Record extracts »
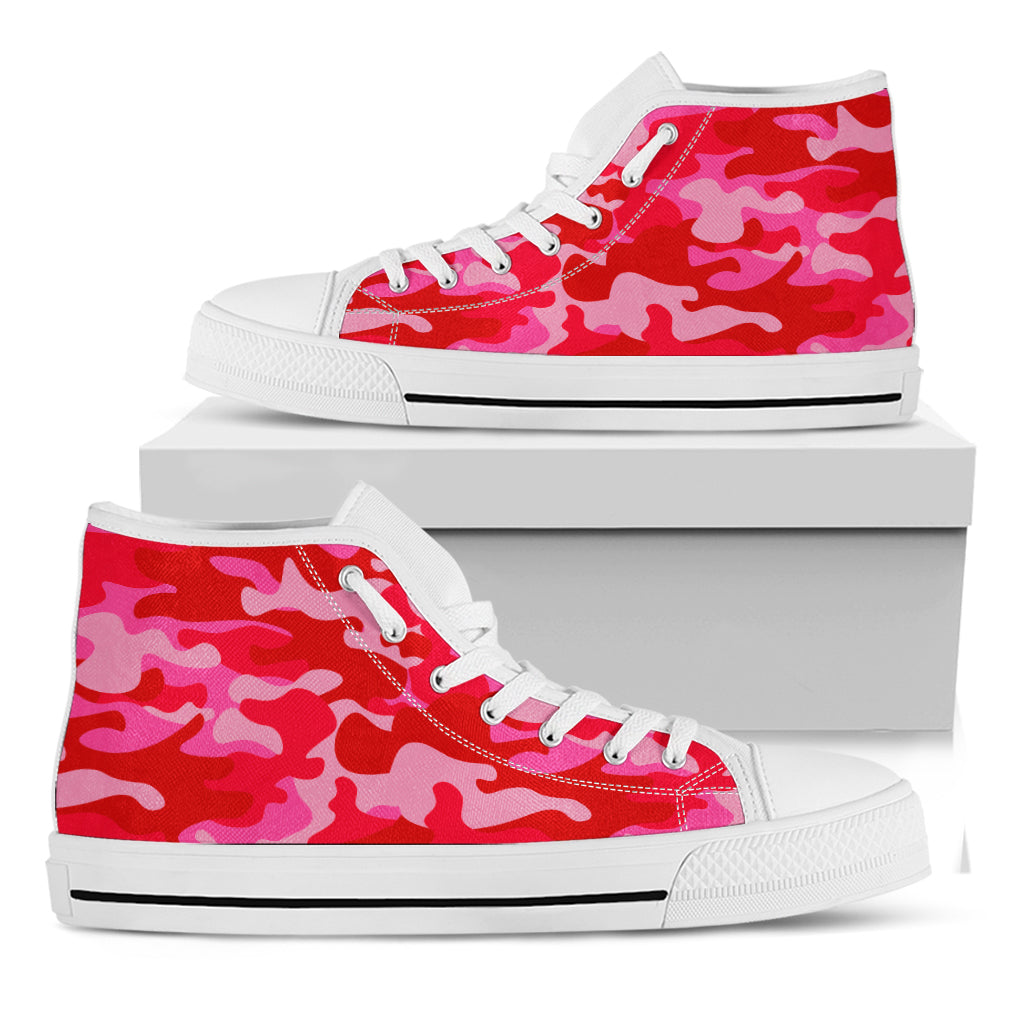 Hot Pink Camouflage Print White High Top Sneakers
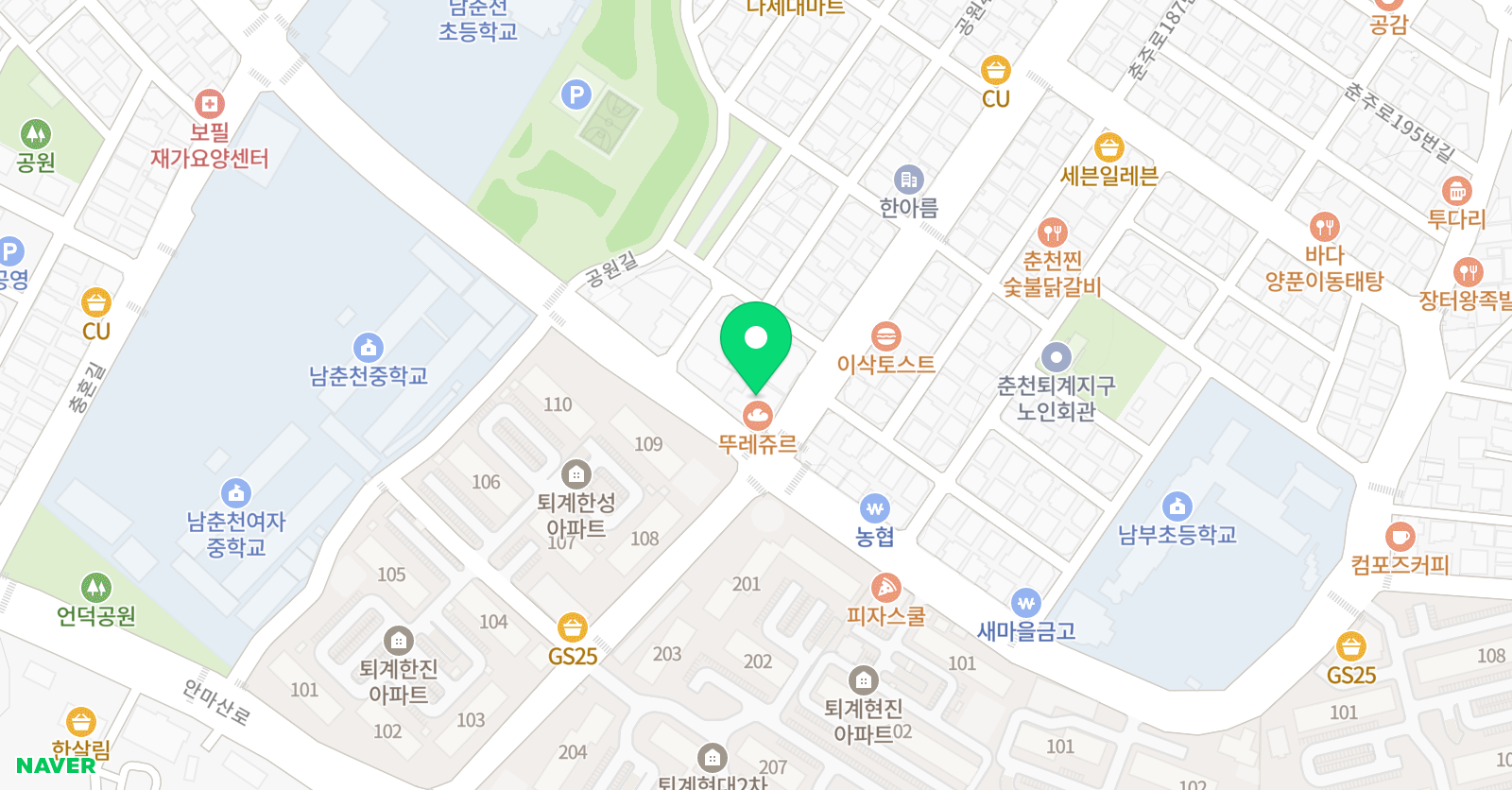 지앤비 어학원 퇴계남춘천캠퍼스 위치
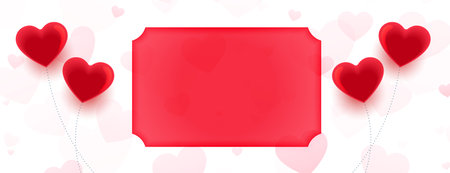 happy valentines day greeting banner with text spaceのイラスト素材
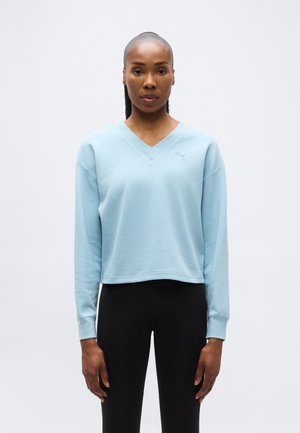 ELEVATED COMFORT V NECK CREW - Mikina - seafoam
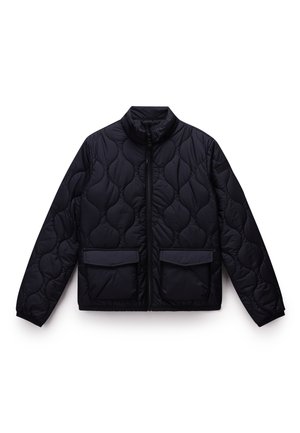Padded black jacket featuring a high collar, zip closure, and two front pockets with horizontal flaps. Textured quilted design throughout.
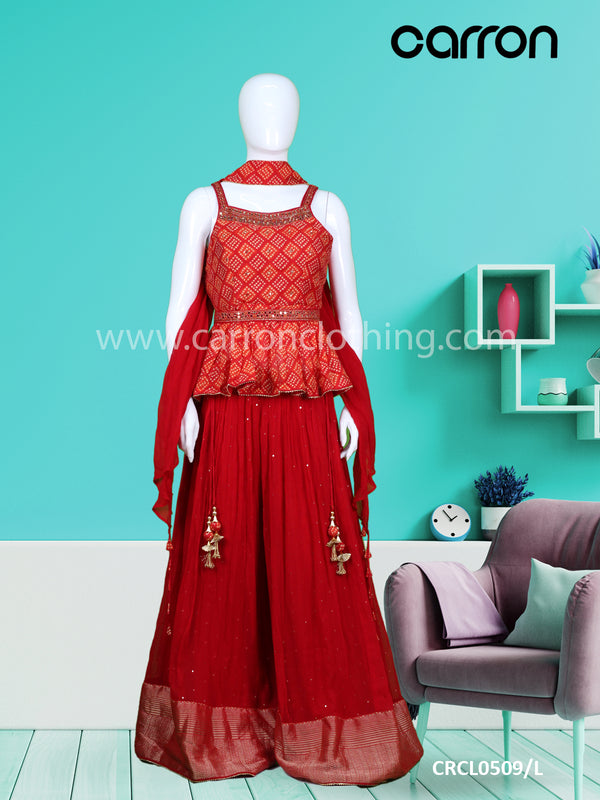 Red Colour Peplum With Plazo Set ( LE-WPZS_MUNI )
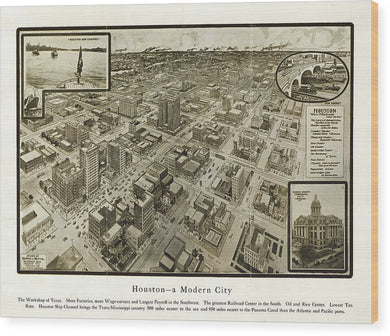 Old Map Of Houston - 1912 A Modern City - Wood Print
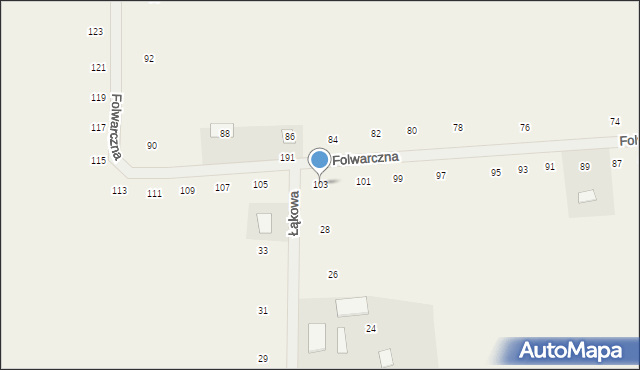 Różanka, Folwarczna, 103, mapa Różanka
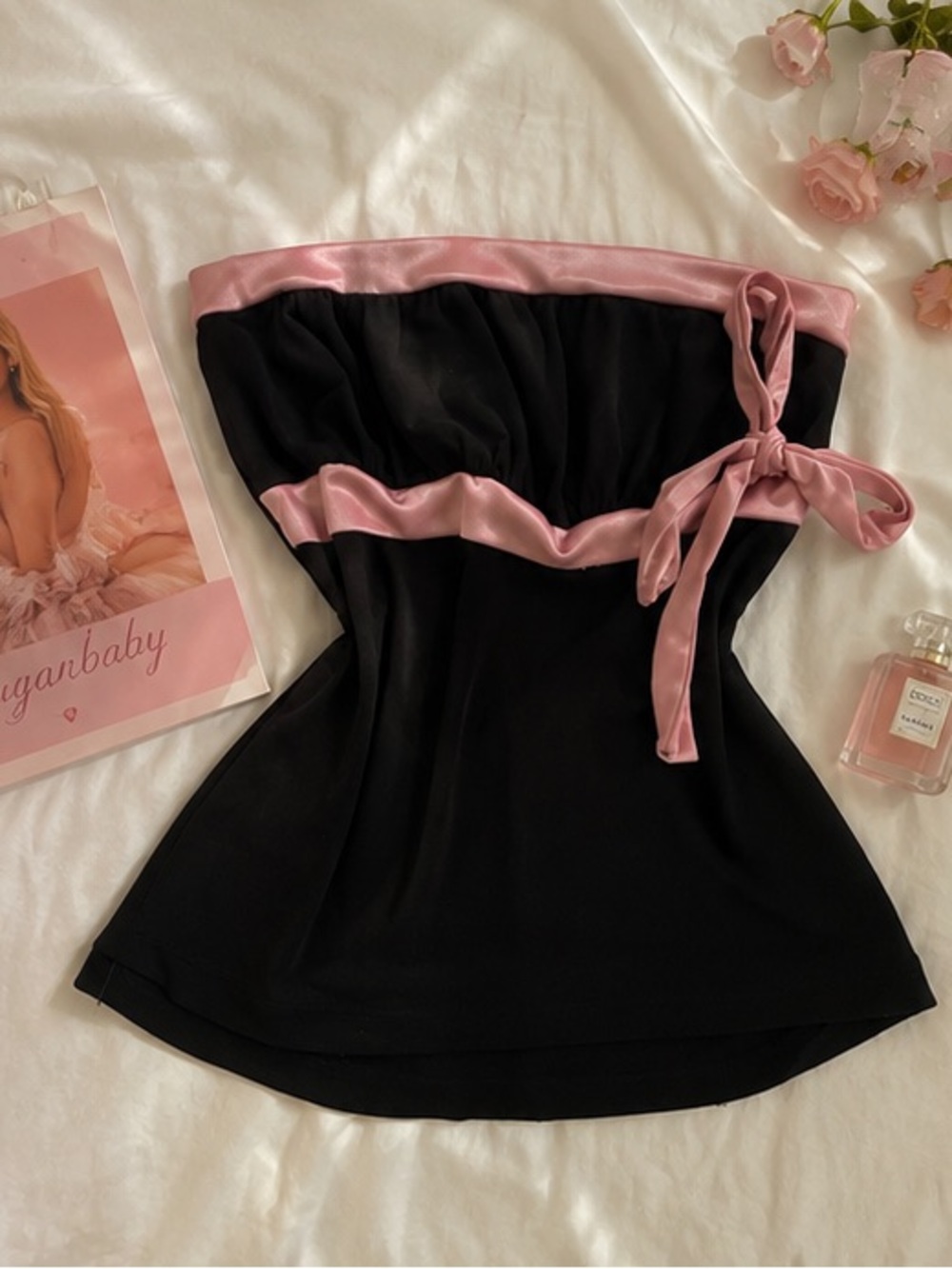 Y2K Vintage Fairweather Black Pink Satin Bow Tube Top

Exercise objective »
Print every entry above again, exactly as written. Leave the images out.

Expected output »
 Hot Pink Camouflage Print White High Top Sneakers
 지앤비 어학원 퇴계남춘천캠퍼스 위치
 happy valentines day greeting banner with text spaceのイラスト素材
 ELEVATED COMFORT V NECK CREW - Mikina - seafoam
Padded black jacket featuring a high collar, zip closure, and two front pockets with horizontal flaps. Textured quilted design throughout.
 Red Colour Peplum With Plazo Set ( LE-WPZS_MUNI )
 Old Map Of Houston - 1912 A Modern City - Wood Print
 Różanka, Folwarczna, 103, mapa Różanka
 Y2K Vintage Fairweather Black Pink Satin Bow Tube Top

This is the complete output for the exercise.